■ **Information provided**
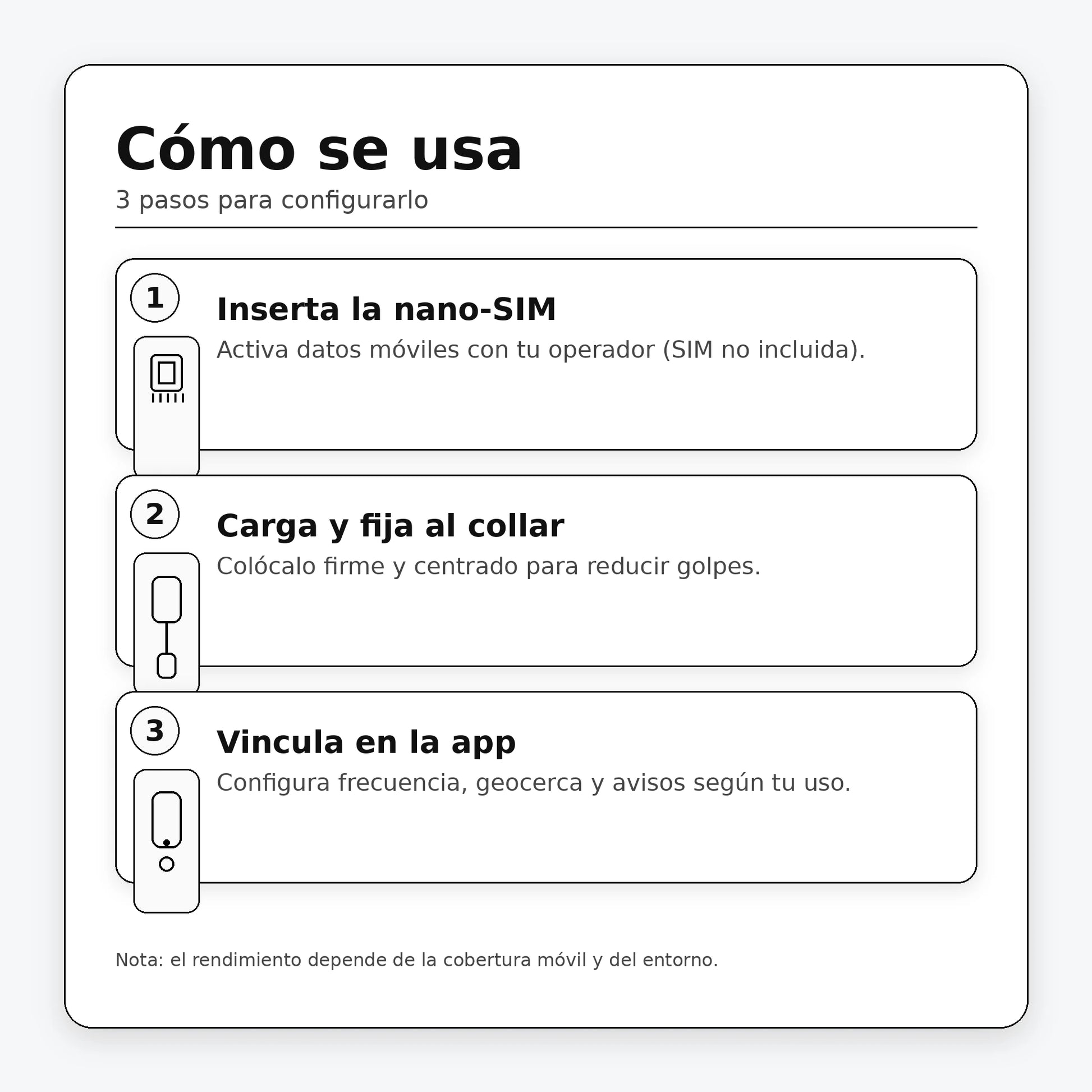 Cómo se usa el localizador Secure: 3 pasos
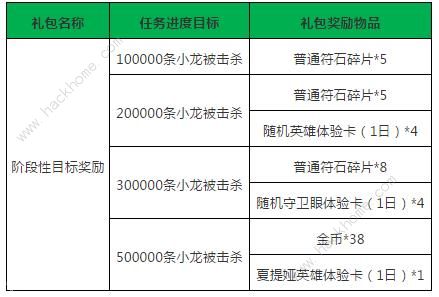 小米超神妖精的尾巴联动活动大全 限定头像框奖励一览图片2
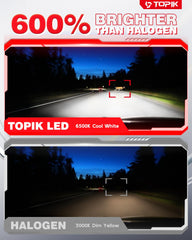 TOPIK H11 bulbs with IP67 waterproof aluminum housing for all-weather use.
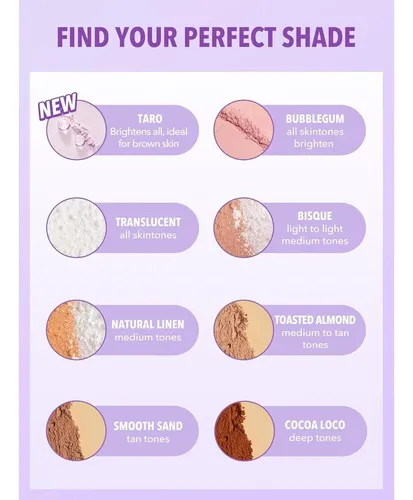 Polvo Suelto Fijador Para Ojeras Sheglam Taro 9.92g
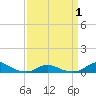 Davis Slough tide chart for Thursday, April 1, 2021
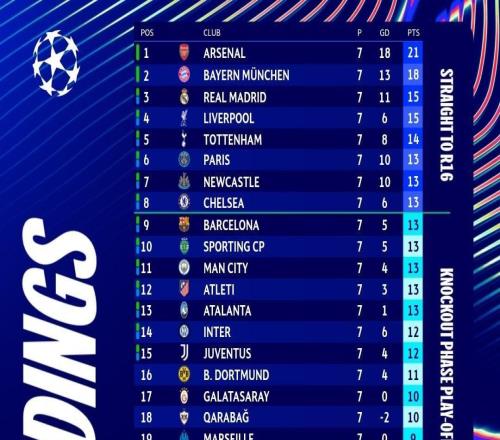 欧冠末轮半场后积分榜：曼城顶替切尔西进入前8，皇马第5巴萨第13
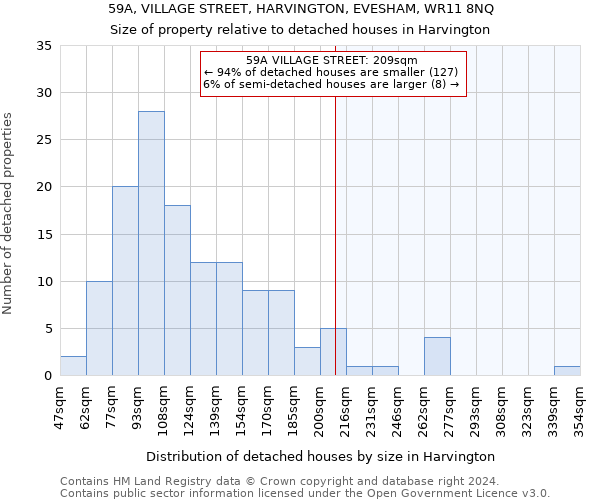 59A, VILLAGE STREET, HARVINGTON, EVESHAM, WR11 8NQ: Size of property relative to detached houses in Harvington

■ **Exercise instructions**
Retype word for word all the material given above, and keep the pictures out.

■ **Answer for this exercise**
 Cómo se usa el localizador Secure: 3 pasos
 小米超神妖精的尾巴联动活动大全 限定头像框奖励一览图片2
 TOPIK H11 bulbs with IP67 waterproof aluminum housing for all-weather use.
 Polvo Suelto Fijador Para Ojeras Sheglam Taro 9.92g
 Davis Slough tide chart for Thursday, April 1, 2021
 欧冠末轮半场后积分榜：曼城顶替切尔西进入前8，皇马第5巴萨第13
 59A, VILLAGE STREET, HARVINGTON, EVESHAM, WR11 8NQ: Size of property relative to detached houses in Harvington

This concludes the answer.